The firm paid her £500 for the manuscript. The contract is housed at the University of Virginia Library. Her fourth and most popular novel, The Mysteries of Udolpho follows the fortunes of Emily St. Aubert, who suffers, among other misadventures, the death of her father, supernatural terrors in a gloomy castle and the machinations of an Italian brigand.
Often cited as the archetypal Gothic novel, The Mysteries of Udolpho, along with Radcliffe's novel The Romance of the Forest, plays a prominent role in Jane Austen's novel Northanger Abbey, in which an impressionable young woman, after reading Radcliffe's novel, comes to see her friends and acquaintances as Gothic villains and victims with amusing results.
The Mysteries of Udolpho is a quintessential Gothic romance, replete with incidents of physical and psychological terror; remote, crumbling castles; seemingly supernatural events; a brooding, scheming villain; and a persecuted heroine. Modern editors point out that only about one-third of the novel is set in the eponymous Gothic castle, and that the tone and style vary markedly between sections of the work.
Radcliffe also added extensive descriptions of exotic landscapes in the Pyrenees and Apennines, and of Venice, none of which she visited and for details of which she relied on contemporary travel books, leading to the introduction of several anachronisms.
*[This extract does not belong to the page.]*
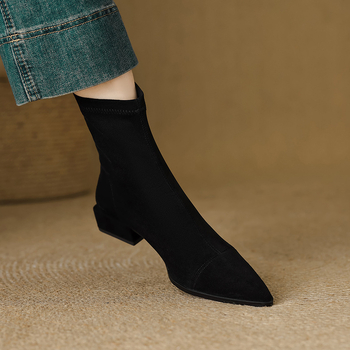 Botine din velur cu fermoar pe spate, unisex, stil coreean, înălțime joasă a gambelor, culoare solidă, fără căptușeală, talpă adezivă (Material: velur; Închidere: fermoar pe spate; Înălțime gambă: joasă; Căptușeală: lipsă; Talpă: adezivă)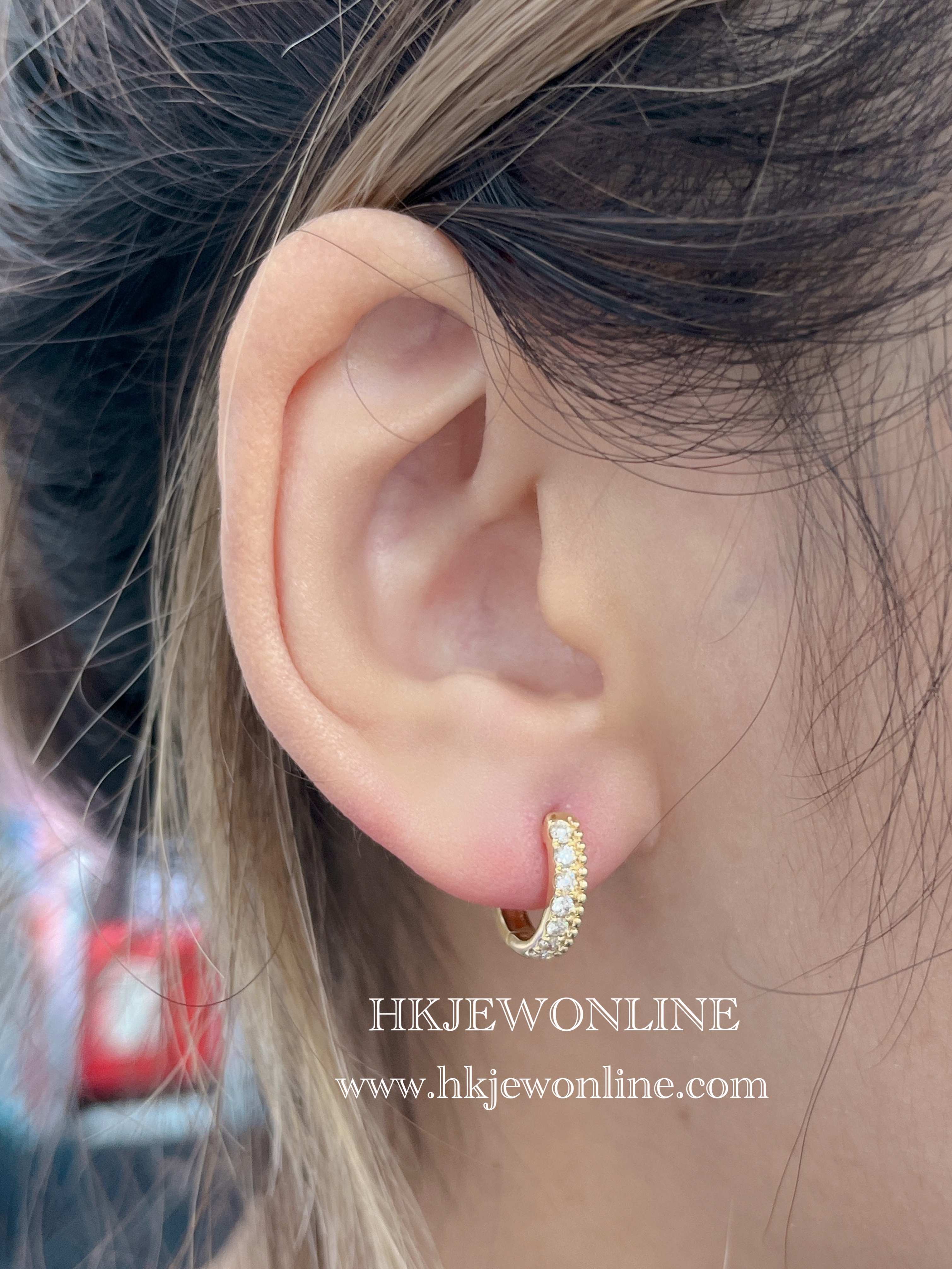 18K Yellow Gold Diamond Earrings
Set in 1584 in southern France and northern Italy, the novel focuses on the plight of Emily St. Aubert, a young French woman who is orphaned after the death of her father. Emily suffers imprisonment in the castle Udolpho at the hands of Signor Montoni, an Italian brigand who has married her aunt and guardian Madame Cheron. Emily's romance with the dashing Valancourt is frustrated by Montoni and others. Emily also investigates the mysterious relationship between her father and the Marchioness de Villeroi, and its connection to the castle at Udolpho.